Wilcockson and his colleagues published the results of this first-of-its-kind study in the journal Aging.
‘Eye tracking as useful diagnostic biomarker’
Previous research has found that people with Alzheimer’s show signs of eye movement impairment before any cognitive symptoms appear.
The inability to direct the gaze in the appropriate direction often accompanies the very early stages of Alzheimer’s, and standard eye tracking tests can reveal this sign of dementia.
In the new study, Wilcockson and team set out to use these eye tracking tests to detect MCI subtypes.
The research involved 42 participants with a diagnosis of aMCI, 47 people with naMCI, 68 participants whom doctors had diagnosed with Alzheimer’s disease, and 92 age-matched controls who were cognitively healthy.
As part of the research, the scientists asked the participants to complete antisaccade tasks. These are computer-based tasks wherein the participants must avoid looking at a distracting stimulus, such as a dot that appears at random points on the screen.
Using an eye tracker with a 500 Hertz sampling technology, the researchers calculated the “antisaccade error rate,” or the total number of times that a participant failed the task and looked at the stimulus.
The analysis revealed that it was possible to distinguish between the participants who had aMCI and those who had naMCI from their eye tracking results. Furthermore, the eye tracking results of those with aMCI closely resembled the scores of those with full blown Alzheimer’s.
“The work provides further support for eye tracking as a useful diagnostic biomarker in the assessment of dementia,” conclude the authors.

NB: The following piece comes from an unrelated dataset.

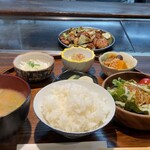 鉄板 ななころ - ホルモンランチ。メインのホルモンに加え、サラダ、小鉢3品、味噌汁、ご飯、漬物が付くバランスの良い内容です。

‘This research is extremely important’
“Given that people with MCI are more likely to develop dementia due to [Alzheimer’s] than cognitively healthy adults,” add the authors, “and, in particular, that people with [aMCI] are at the highest risk of progressing to a full dementia syndrome, this may also offer an additional prognostic tool for predicting which people with a diagnosis of MCI are more likely to progress to [Alzheimer’s].”
The study’s lead author also comments on the significance of the findings, saying, “The results indicate that it is possible to predict which MCI patients are more likely to develop Alzheimer’s disease.”
“This would help with monitoring disease progression and may ultimately help identify whether treatments would be effective,” adds Wilcockson.
“This research is extremely important as an earlier diagnosis of Alzheimer’s disease would enable effective treatments, when available, to be administered before pathological changes to the brain are widespread and permanent.”
“I hope to build on this research and continue the development of eye tracking methodologies for early diagnosis,” concludes the lead researcher.